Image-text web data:

== Segment start ==

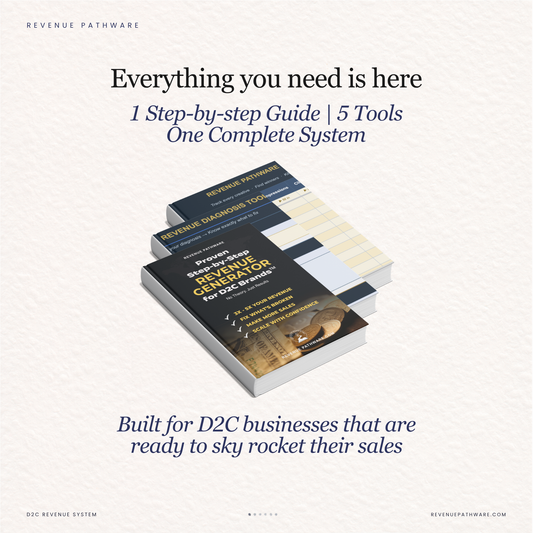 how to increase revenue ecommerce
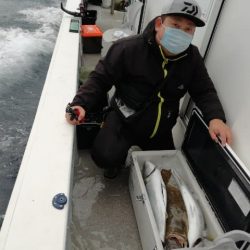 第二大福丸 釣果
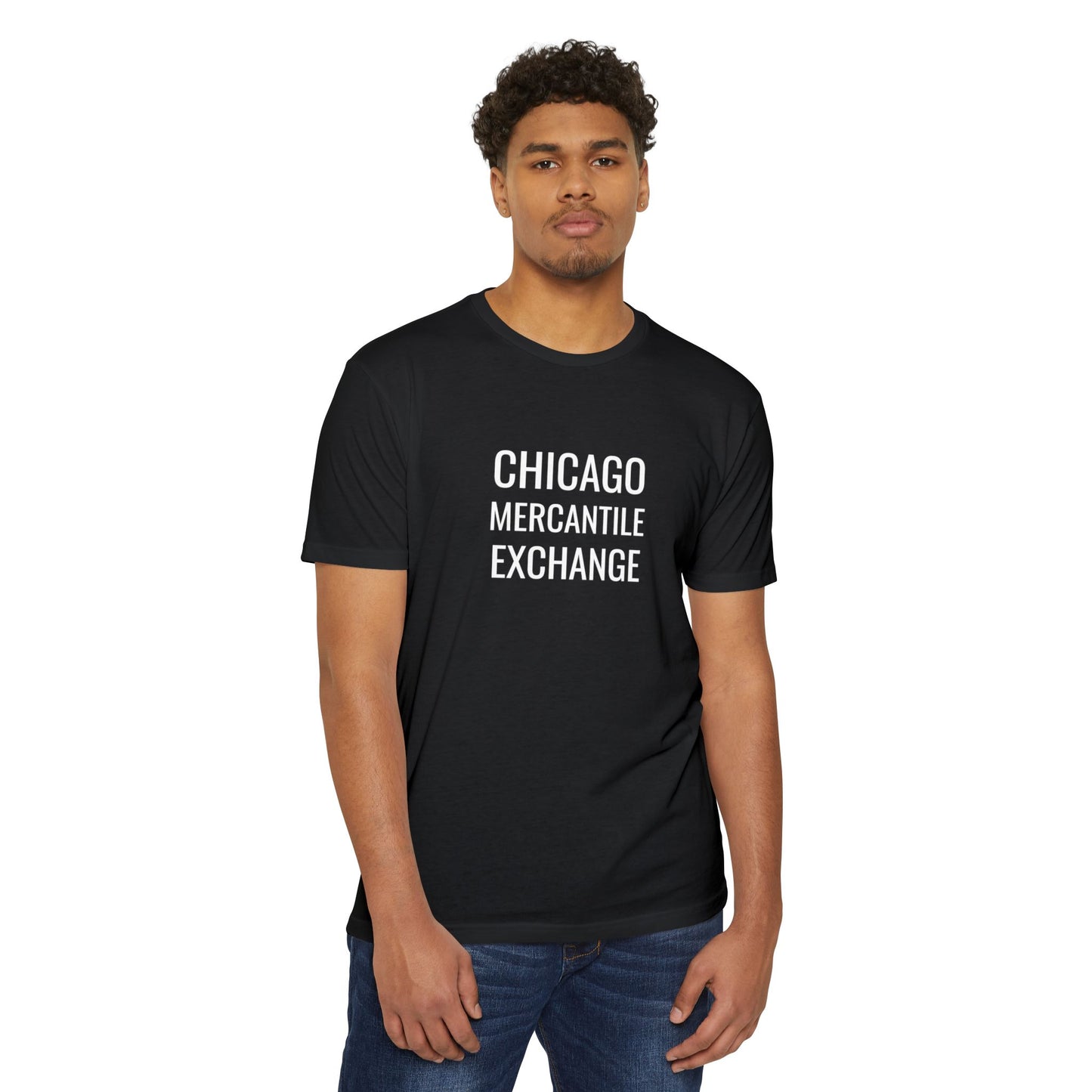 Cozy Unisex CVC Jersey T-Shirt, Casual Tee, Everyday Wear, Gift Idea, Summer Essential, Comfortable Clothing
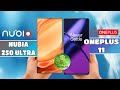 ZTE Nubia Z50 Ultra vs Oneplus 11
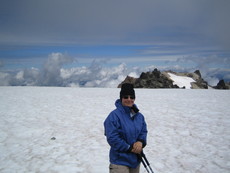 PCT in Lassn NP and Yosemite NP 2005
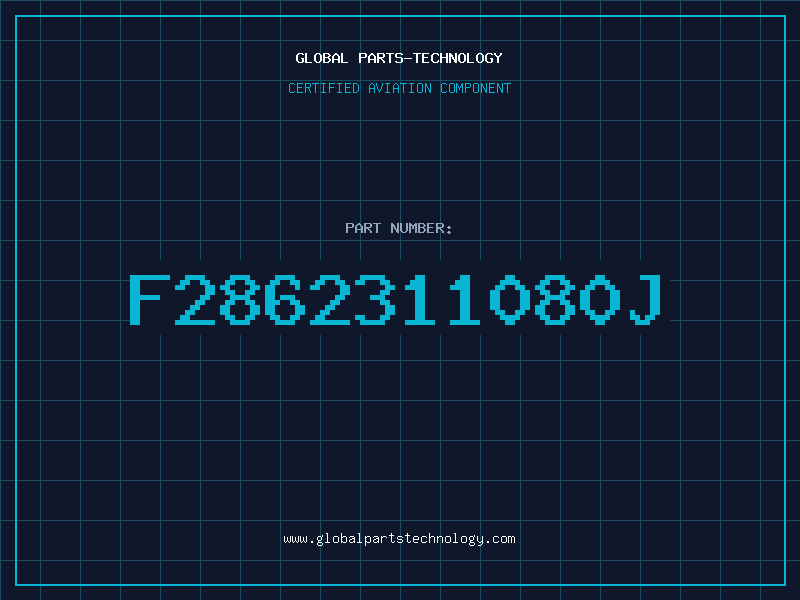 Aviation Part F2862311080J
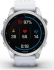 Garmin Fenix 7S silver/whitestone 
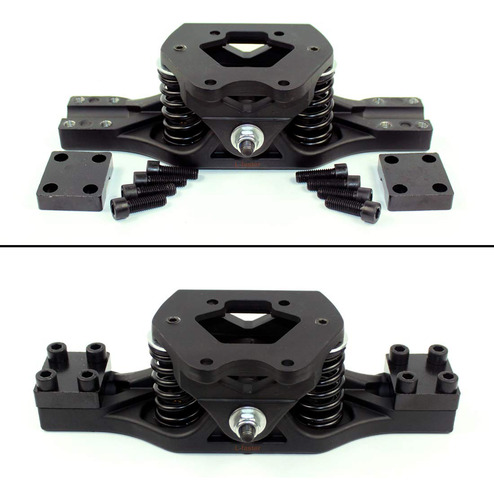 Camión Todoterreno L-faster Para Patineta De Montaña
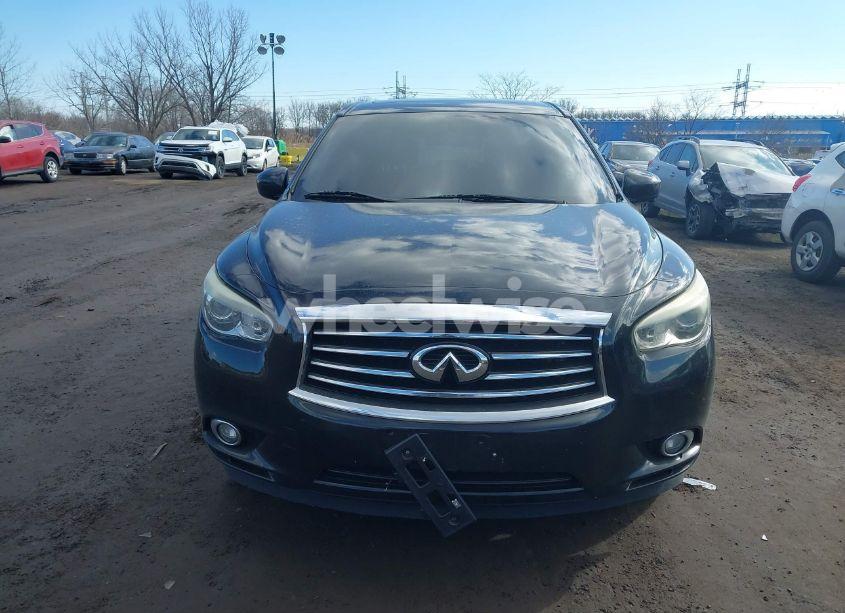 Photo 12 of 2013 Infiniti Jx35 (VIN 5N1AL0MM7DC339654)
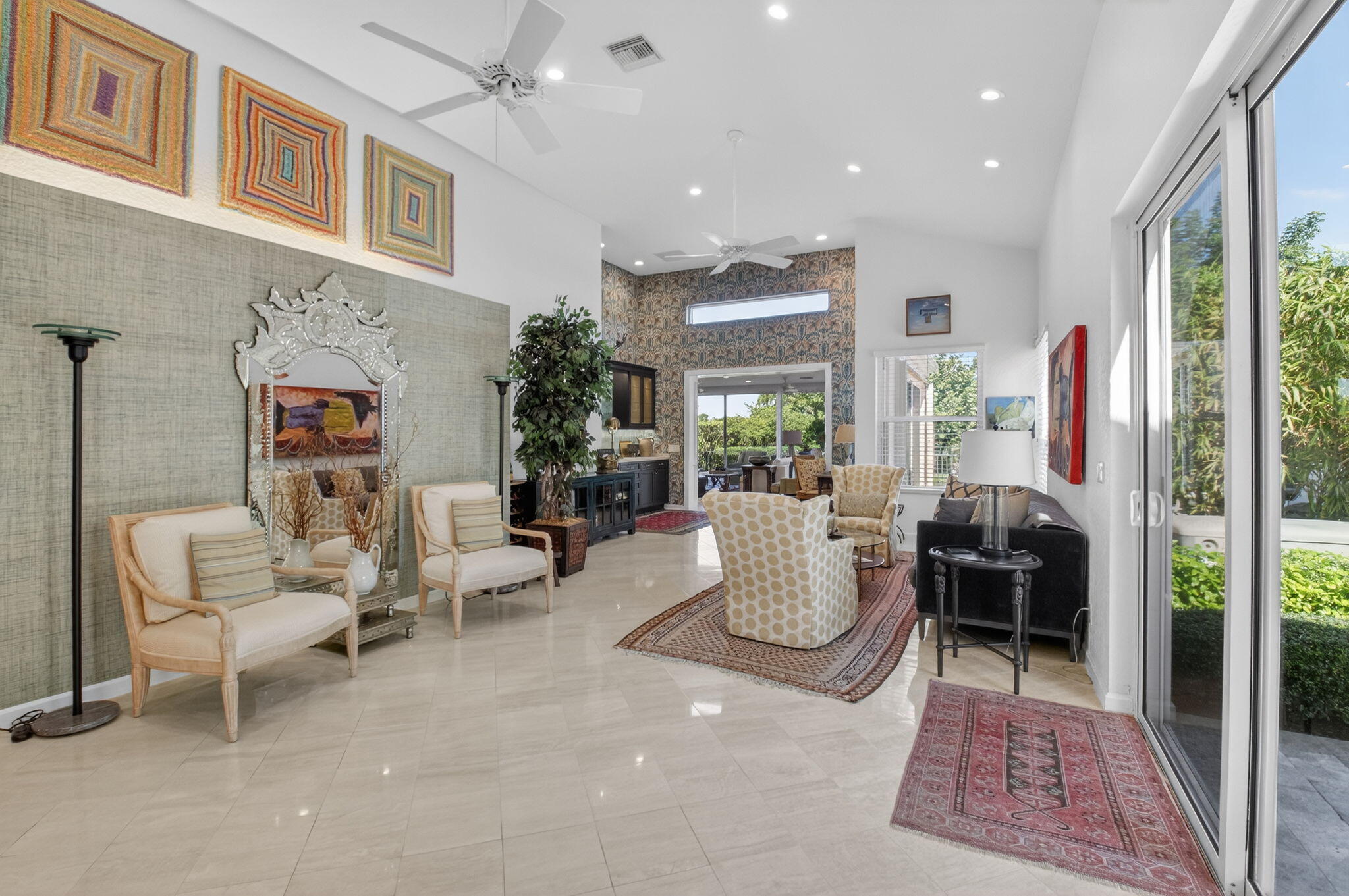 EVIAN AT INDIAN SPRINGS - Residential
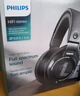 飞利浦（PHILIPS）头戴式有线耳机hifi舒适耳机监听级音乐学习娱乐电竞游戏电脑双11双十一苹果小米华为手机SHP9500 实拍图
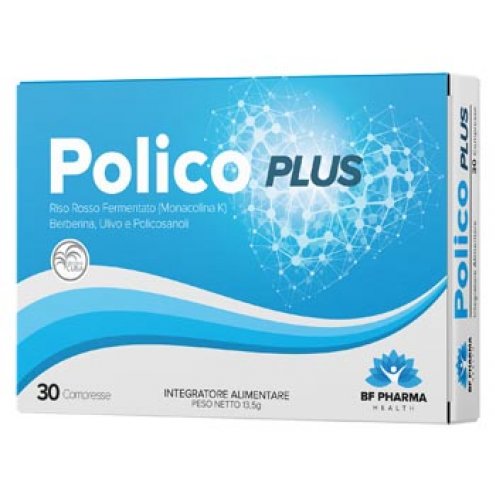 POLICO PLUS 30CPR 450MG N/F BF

== Segment end ==

An exact copy of the lines from the one with "Cozy Unisex CVC" through the end of the records: produce that and nothing more, leaving out the pictures.

 Cozy Unisex CVC Jersey T-Shirt, Casual Tee, Everyday Wear, Gift Idea, Summer Essential, Comfortable Clothing
 ZTE Nubia Z50 Ultra vs Oneplus 11
 PCT in Lassn NP and Yosemite NP 2005
 Aviation Part F2862311080J
 Garmin Fenix 7S silver/whitestone 
 Camión Todoterreno L-faster Para Patineta De Montaña
 Photo 12 of 2013 Infiniti Jx35 (VIN 5N1AL0MM7DC339654)
 EVIAN AT INDIAN SPRINGS - Residential
 飞利浦（PHILIPS）头戴式有线耳机hifi舒适耳机监听级音乐学习娱乐电竞游戏电脑双11双十一苹果小米华为手机SHP9500 实拍图
 POLICO PLUS 30CPR 450MG N/F BF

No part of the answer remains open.